September 2023 Update: Get Out the Pumpkin

Community Tech Alliance
7 min readOct 2, 2023

--

Believe it or not, we’re just about one year out from GOTV season. Yes, we said it — sorry.

We’re not saying it to scare you (or ourselves!) but because the planning for a successful GOTV starts now. We’ve got runway — let’s make the most of it.

What can CTA build for you now to avoid scrambling in the future? Let us know in this short survey — we’re eager to help!

The 5 Common Data Problems

For years, we’ve heard the same challenge over and over again from partners: we’ve got a wealth of data but it’s hard to use it effectively.

As we’ve gotten more and more sophisticated about ways to capture data across the movement, it’s been hard to keep up with ways to handle that data — from storage and security, to integration and making it actionable.

Sound familiar? You’re certainly not alone. Here are some of the most common challenges we see — and how we can help solve them.

1. Data Data Everywhere: Orgs are collecting more and more data, and that’s great. But too often, that data isn’t talking to each other, decreasing the value of the data significantly. However, getting data sources to sync together and talk to one another can be labor-intensive and expensive.

Our solution: PAD, the Progressive Action Database, a data tool that makes it easy to integrate data from disparate sources. Whether you’re bringing together ad data from different platforms, voter file data, volunteer data, financial data, or more, PAD’s infrastructure can bring these sources together.

2. Wasted Time + Energy on Integration: Trying to solve the silo problem, data teams (and you might be one of them!) are spending hours downloading and uploading data files or engineering one-off solutions, eating up huge amounts of time that could be spent on valuable analysis.

Our solution: A baseline infrastructure (PAD) where you can sync and transform data. PAD can be customized to your organization’s needs in order to easily store, move, analyze, and visualize your data. PAD also syncs with over 50 tools (and counting). That’s 50+ integrations you don’t need to custom build.

3. Inactionable Data: With data siloed and hours sunk into building syncs, that doesn’t leave a lot of time for gleaning insights and making programmatic improvements. Nor do most organizations have a good way to visualize data in a way that’s accessible to folks outside of the data team.

Our solution: PAD’s integration with Looker Studio means orgs can better access, work with, and understand their data. (PAD also integrates with Tableau, Periscope, or other reporting tools.)

4. Data Security, Storage, and Cost: The cost and sprawl of managing all this disparate data is another headache and expense. And one that requires constant vigilance on security. That gets expensive quickly, and staying on-top of the latest security updates is time-intensive.

Our solution: By treating our data infrastructure like a public utility for our partners, we’ve been able to reduce the cost of data housing, syncs, and transformations by creating a singular, robust infrastructure. PAD also ensures uptime & reduces threat surface area.
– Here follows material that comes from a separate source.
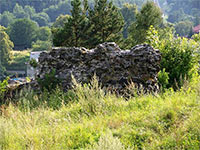 Hotejn (zcenina hradu) - 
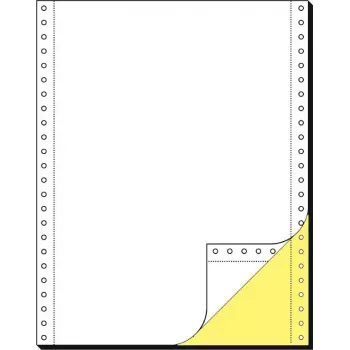 Printing Paper Sigel 32246 1000 Sheets White Yellow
5. Tool Sprawl + Degradation: With so many tools evolving (or disappearing) and new tools being introduced, it can feel impossible to stay up to date on what’s happening, meaning it’s hard to keep data current and safe.
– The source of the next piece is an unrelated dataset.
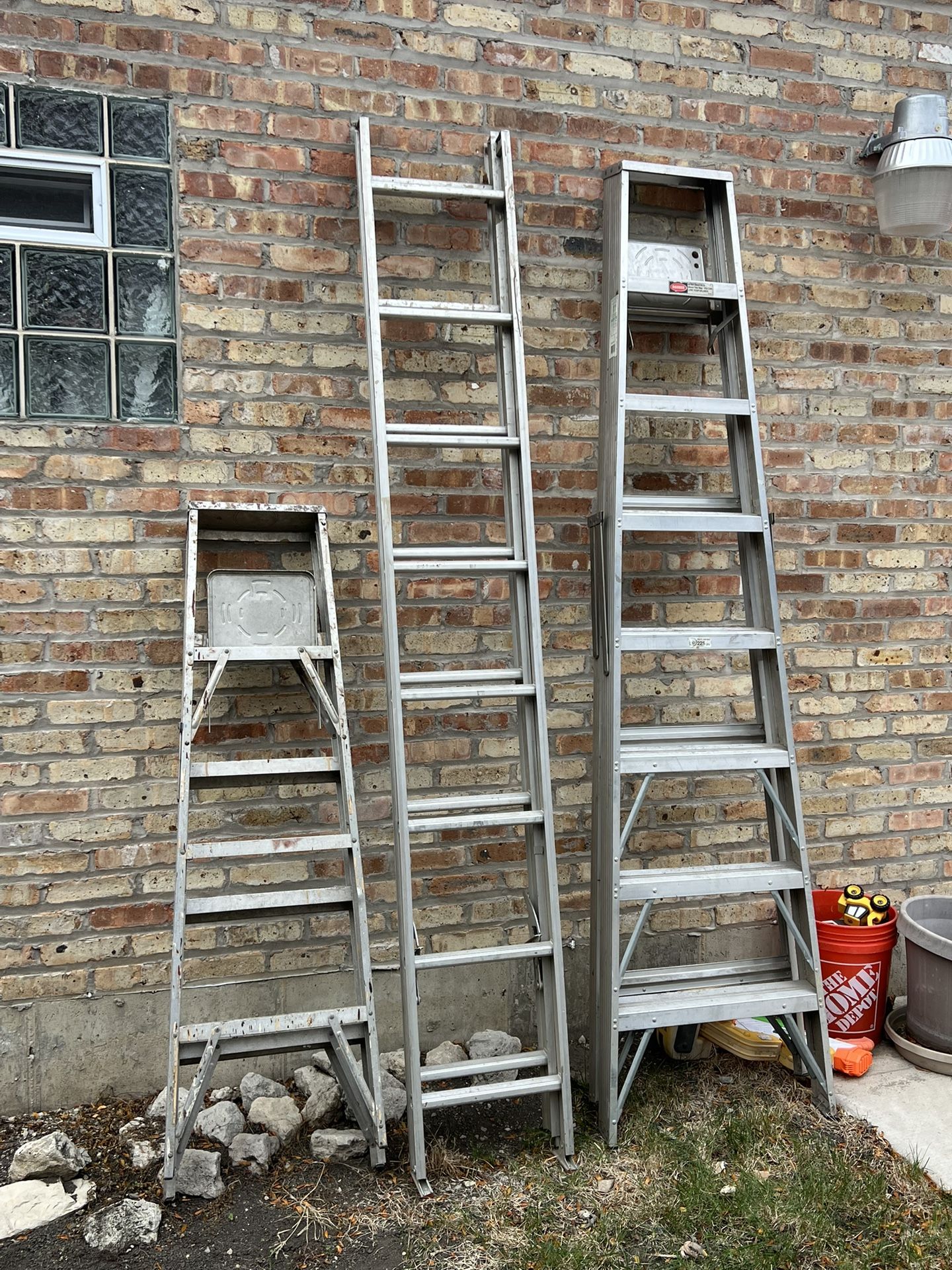 Ladders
Our solution: PAD is a shortcut because you’re building on top of an existing, solid, and tested data infrastructure that gets customized for your organization. No more worrying about the latest updates or tools — we take care of that for you.

If any of these sound like challenges your organization is tackling — you’re certainly not alone and we’re here to help. Send us a note to info@techallies.org and let’s get you some solutions!

Takeaways from the Google Cloud Next Conference

Last month, Huy, Emily, and Kelsey from our engineering team attended the Google Cloud Next conference in San Francisco. Their themes, takeaways, and tips are below (as well as pictures of Prog, obviously).

Q: What is something unexpected you learned at Google Cloud Next?
Huy: (Not so) fun fact: 95% of principals use less than 3% of their permissions! While it might be tempting to pile on permissions when you’re not sure what you need, keep in mind that users and service accounts are highly susceptible points of attack. Ensuring that your principals are endowed with only restricted access rights is pivotal to minimizing security breaches.

Emily: I was surprised by just how heavily Google emphasized Generative AI as a feature they are rolling out across a number of products. They really drove home the point that “GenAI is here, and it’s going to change everything, and you should use it.” We are still figuring out what role GenAI will play for us at CTA as we take the security of our data very seriously. However, it is clear it will be used widely in both the private and public sectors, and that’s a shift we will need to stay informed about. And some GenAI tools, like natural-language-to-SQL, could provide real value to our users, and that’s exciting!

Q: What is coming on the horizon that you were excited to share with your team?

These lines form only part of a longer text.